I don't disagree that the tools are rough, but to the person you're replying to's point, would perfect tools and languages actually solve the underlying problem?
As much as I love FPGAs, GPUs really ate their lunch in the acceleration sphere (trying to leverage the FPGA's parallelism to overcome a >20x clock speed disadvantage is REALLY hard, especially if power is a concern) and so it seems the only niche left for them is circuit emulation. Of course, circuit emulation is a sizable market (low volume designs which don't make sense as ASICs, verification, research, etc.) and so it's not exactly a death sentence.
The FPGA market has been growing in size despite GPGPU taking off. And clock speed difference is closer to 4-5x not 20x. Despite that and the lower area efficiency of FPGAs, there have been price and power competitive FPGA accelerators cards released over the last 5 years. Sure, you're not going to get an A100's performance, but you can get deterministic latency below 5us for something that the A100 would take a minimum of 50us to process.

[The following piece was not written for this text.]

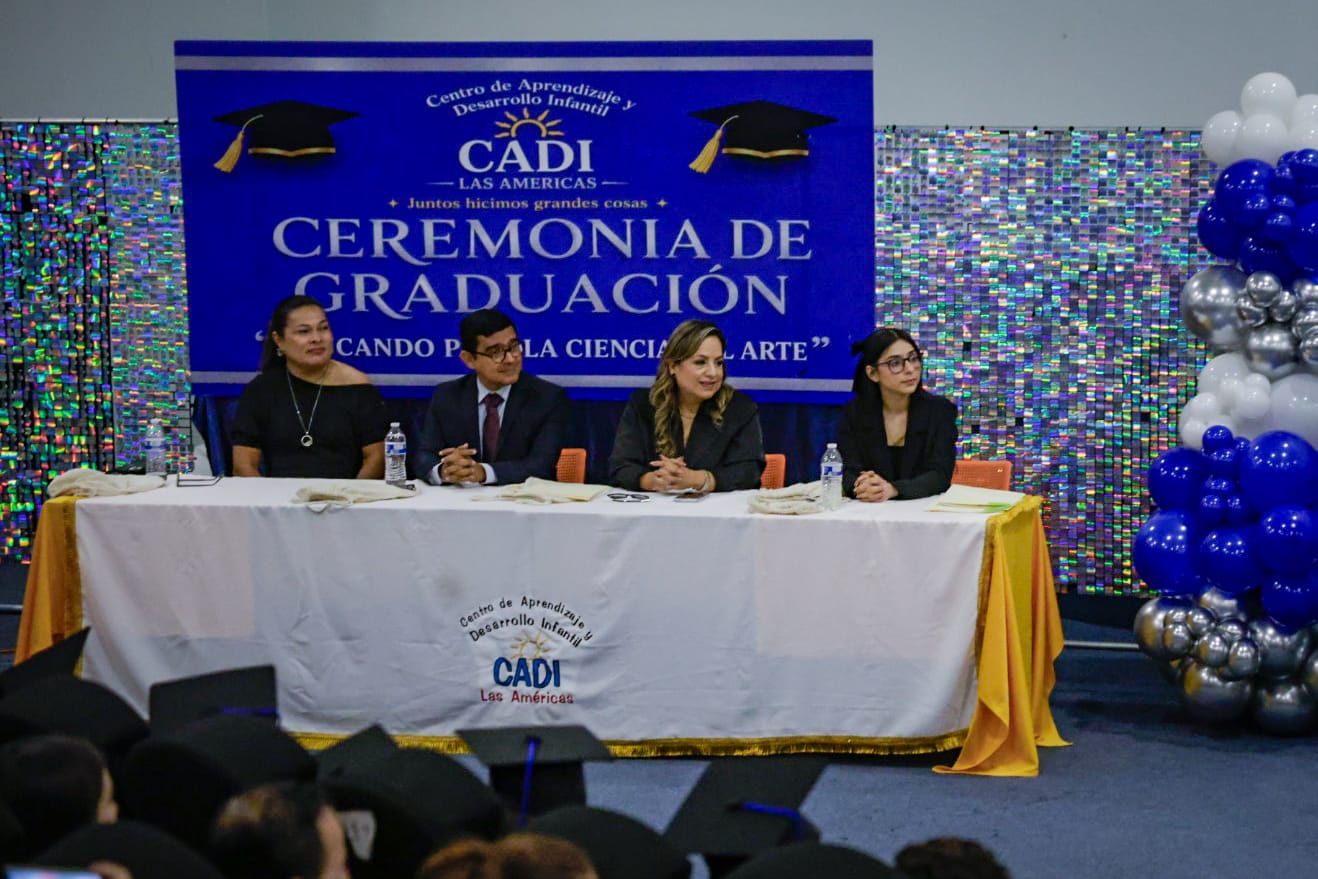 CADI Las Américas gradúa a nueva generación de primaria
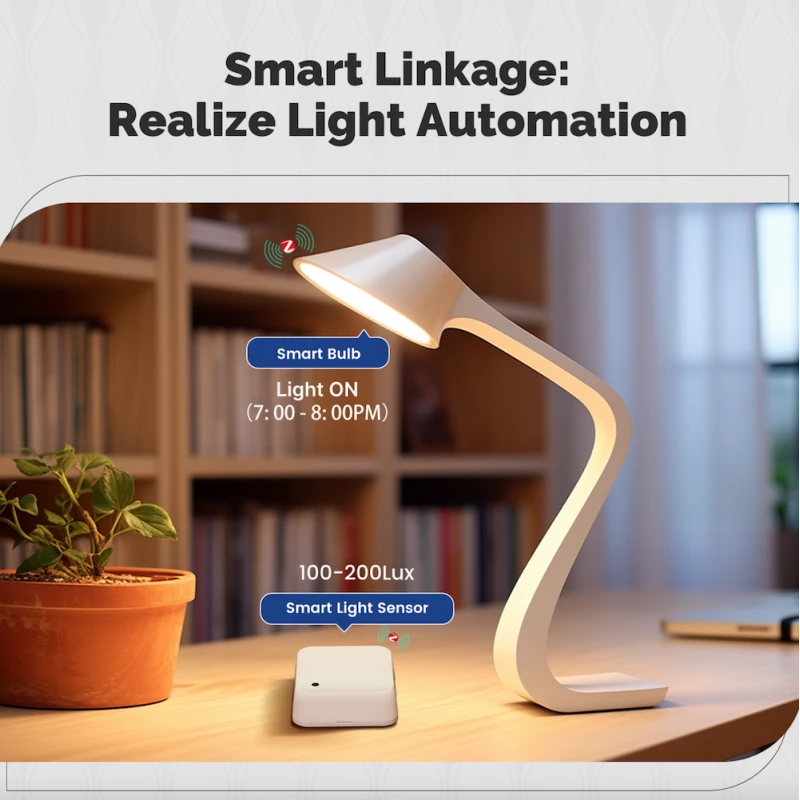 Moes - Tuya Zigbee temperature, humidity and light sensor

GPGPU isn't ideal for its current use case either so FPGA based designs have a lot of room to work in to get better, application specific accelerators.
As much as I love FPGAs, GPUs really ate their lunch in the acceleration sphere (trying to leverage the FPGA's parallelism to overcome a >20x clock speed disadvantage is REALLY hard, especially if power is a concern) and so it seems the only niche left for them is circuit emulation. Of course, circuit emulation is a sizable market (low volume designs which don't make sense as ASICs, verification, research, etc.) and so it's not exactly a death sentence.